KURAN’IN BİLİMSELLİĞİ


Kuran, müslümanlar tarafından “Allah’ın sözü” olduğuna inanılır ve doğal olarak değişmez ve yanlışsız olduğu kabul edilir. Bu, şöyle bir durumu ve kabulü zorunlu kılar: Kuran değişmez ve doğru “Allah sözü” olduğuna göre, tüm zamanlara hitap eder. Çünkü Allah, bundan 1400 yıl öncenin Allahı değil, tüm zamanların ve tüm evrenin, alemlerin Rabbıdır. Bu nedenle Kuran, Allah’ın tüm zamanlara hitap eden, tüm zamanlarda geçerli, evrensel sözleridir. O sözler, tüm zamanlarda ve evrenin her noktasında geçerlidir, yanlışsızdır.


Evet, bu nitelikleri taşıyan bir tanrının sözü, böyle olmalıdır. Gerçekten onu 1400 yıl sonra da, 14 bin yıl sonra da okuyan herhangi bir insan, bir filozof, bir bilim adamı ya da sade bir dünyalı ya da uzaylı yadırgamamalı, inkar edememeli ve tartışılmaz gerçekler konusunda okuduklarıyla aklını şüpheye düşürmemelidir. Peki, Kuran gerçekten böyle bir kitap mıdır? Yazıldığı bundan yaklaşık 1400 yıl öncesinde, hatasız, gerçek ve doğru gibi görünen bazı tasvir ve tanımların bugünün insanının bilgileriyle kıyaslandığında nasıl göründüğüne yine Kuran’a söz tanıyarak bir bakalım:


(Kehf.86: Nihayet güneşin battığı yere varınca, onu kara bir balçıkta batar buldu. Onun yanında (orada) bir kavme rastladı. Bunun üzerine biz: ey Zülkarneyn! Onlara ya azap edecek veya haklarında iyilik etme yolunu seçeceksın, dedik.)


(Kehf.90: Nihayet güneşin doğduğu yere ulaşınca, onu öyle bir kavim üzerine doğar buldu ki, onlar için güneşe karşı bir örtü yapmamıştık.)

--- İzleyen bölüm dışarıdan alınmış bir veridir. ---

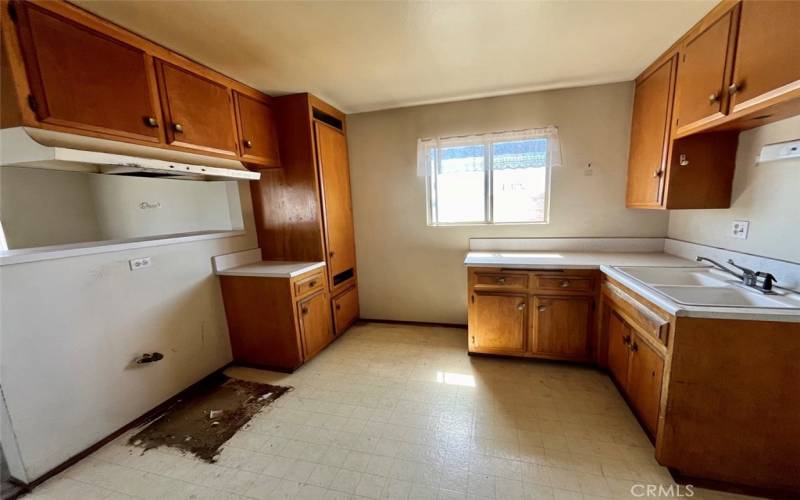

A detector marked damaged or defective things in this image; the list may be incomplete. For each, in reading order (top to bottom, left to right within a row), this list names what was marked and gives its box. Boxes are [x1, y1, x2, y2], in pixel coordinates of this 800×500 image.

damaged floor patch [130, 376, 292, 460]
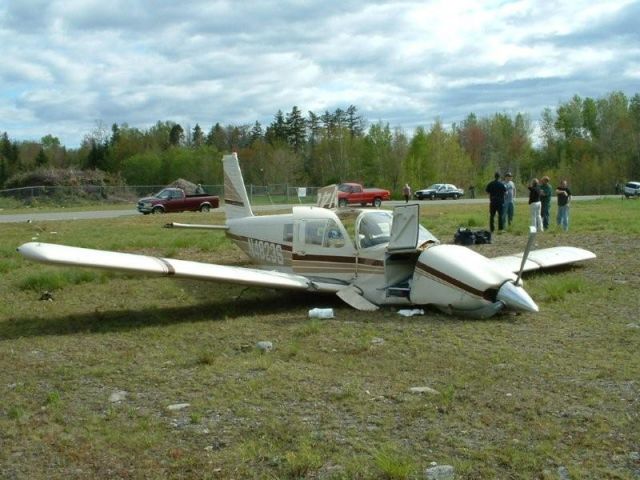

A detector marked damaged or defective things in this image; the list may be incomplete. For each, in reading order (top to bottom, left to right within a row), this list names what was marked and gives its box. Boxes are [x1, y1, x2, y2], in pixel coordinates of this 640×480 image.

crashed piper saratoga [17, 154, 596, 318]
damaged wing [20, 242, 318, 290]
damaged wing [490, 248, 596, 274]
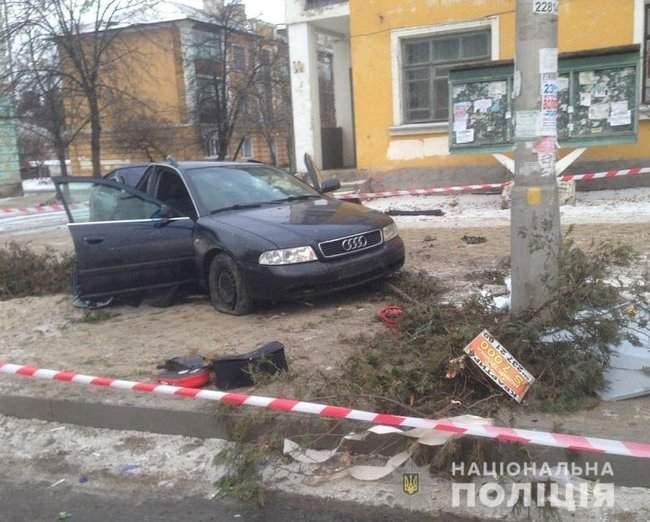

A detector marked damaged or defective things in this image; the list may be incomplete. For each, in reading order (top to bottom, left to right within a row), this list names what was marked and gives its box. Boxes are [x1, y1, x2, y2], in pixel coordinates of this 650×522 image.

crashed car [53, 160, 402, 312]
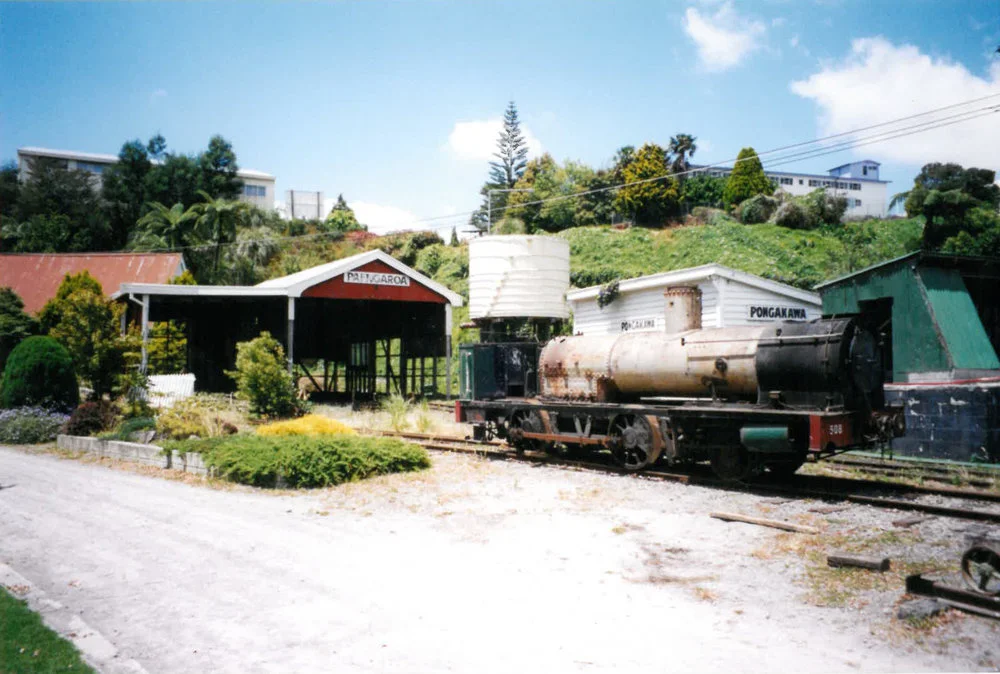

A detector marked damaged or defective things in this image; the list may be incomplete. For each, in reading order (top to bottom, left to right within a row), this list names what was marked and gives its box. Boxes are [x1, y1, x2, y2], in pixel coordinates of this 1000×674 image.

rusty metal wheel [512, 406, 544, 454]
rusty metal wheel [608, 412, 656, 470]
rusty metal wheel [960, 540, 1000, 592]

Bu iki surede görüldüğü gibi Allah, Zulkarneyn’in başından geçen tecrübeleri ve ona söylediği sözleri aktarmaktadır. Zülkarneyn’in, güneşin battığı yere vardığını ve onun kara bir balçığa battığını gördüğünü anlatmaktadır. Bir kaç ayet sonra da Zülkarneyn güneşin doğduğu yere gitmiştir ve onu doğarken görmüştür.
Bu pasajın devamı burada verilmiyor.